Problem >> Exclude the pictures, and otherwise reproduce the data in full.

Raw data >>
——
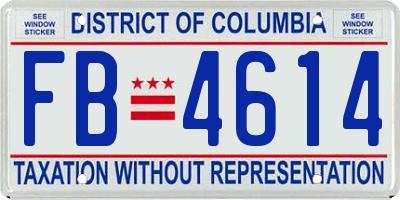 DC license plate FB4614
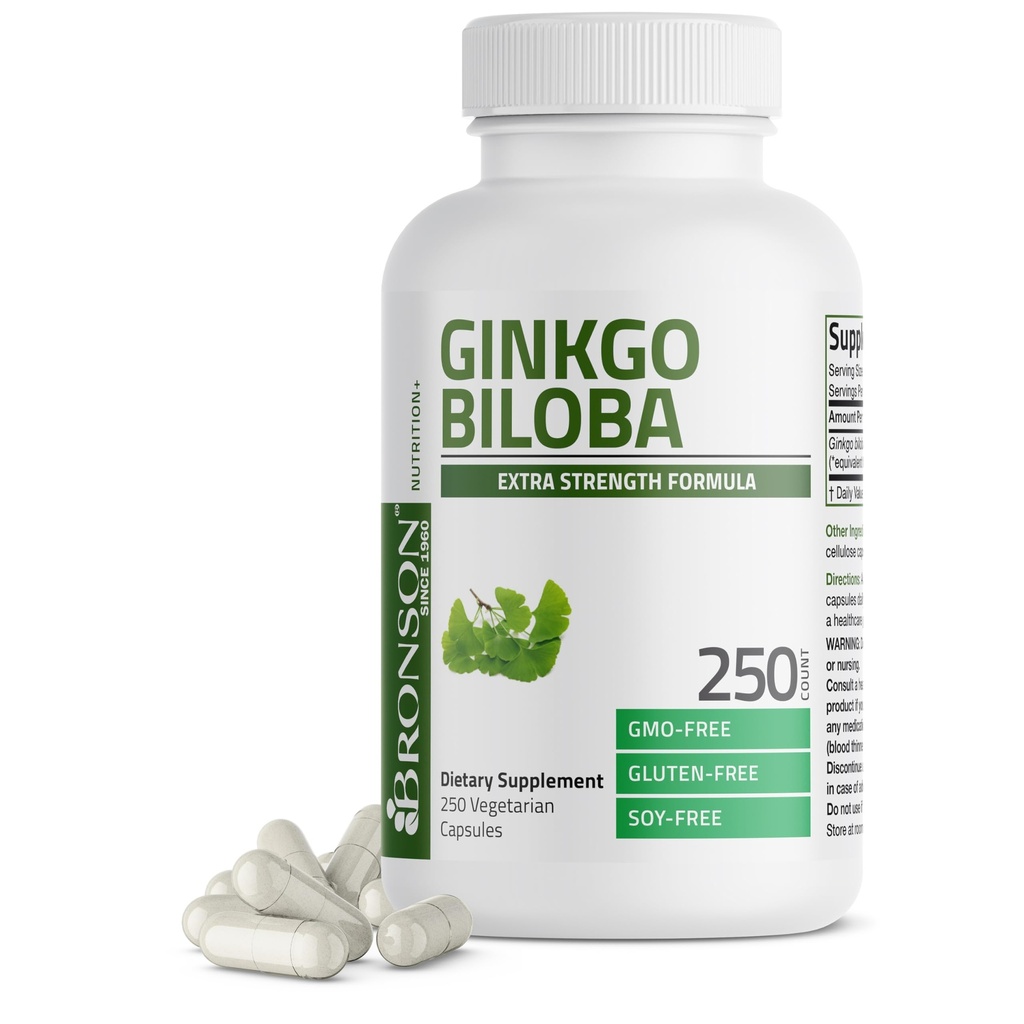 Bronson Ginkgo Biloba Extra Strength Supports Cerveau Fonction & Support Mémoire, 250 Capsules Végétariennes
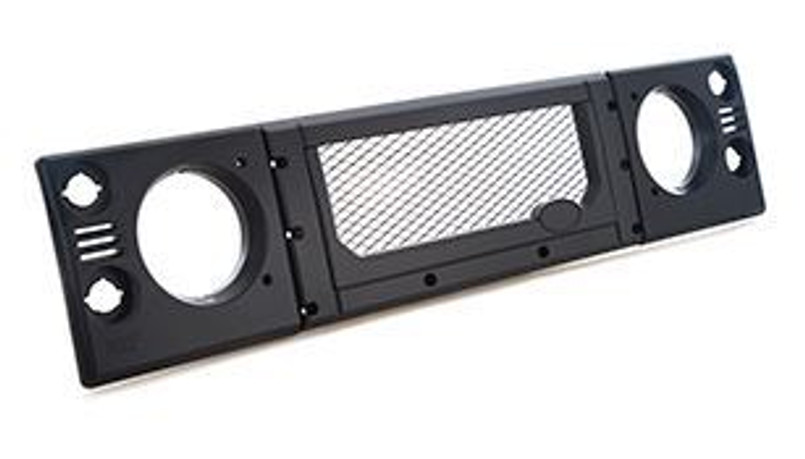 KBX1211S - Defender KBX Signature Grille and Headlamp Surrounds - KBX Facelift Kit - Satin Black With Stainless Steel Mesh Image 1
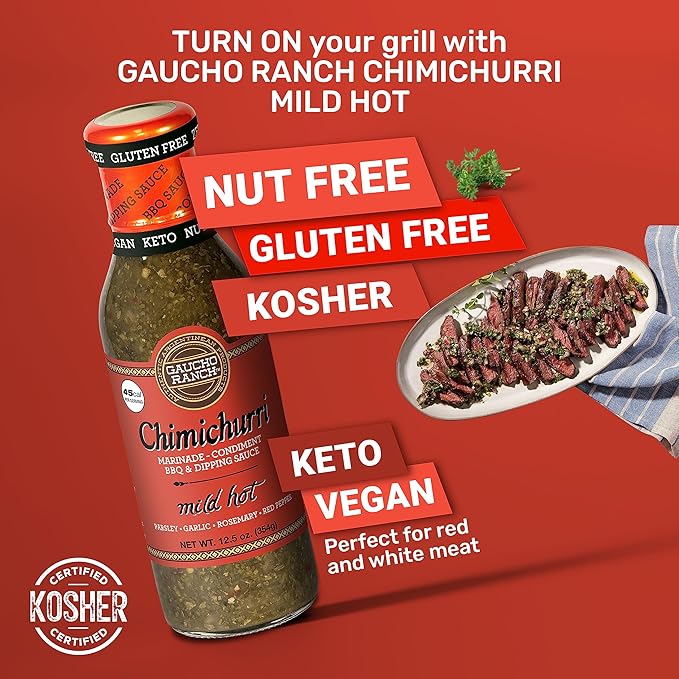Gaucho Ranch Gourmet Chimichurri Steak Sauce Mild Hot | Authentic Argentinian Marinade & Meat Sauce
——
Answer >>
 DC license plate FB4614
 Bronson Ginkgo Biloba Extra Strength Supports Cerveau Fonction & Support Mémoire, 250 Capsules Végétariennes
 KBX1211S - Defender KBX Signature Grille and Headlamp Surrounds - KBX Facelift Kit - Satin Black With Stainless Steel Mesh Image 1
Gaucho Ranch Gourmet Chimichurri Steak Sauce Mild Hot | Authentic Argentinian Marinade & Meat Sauce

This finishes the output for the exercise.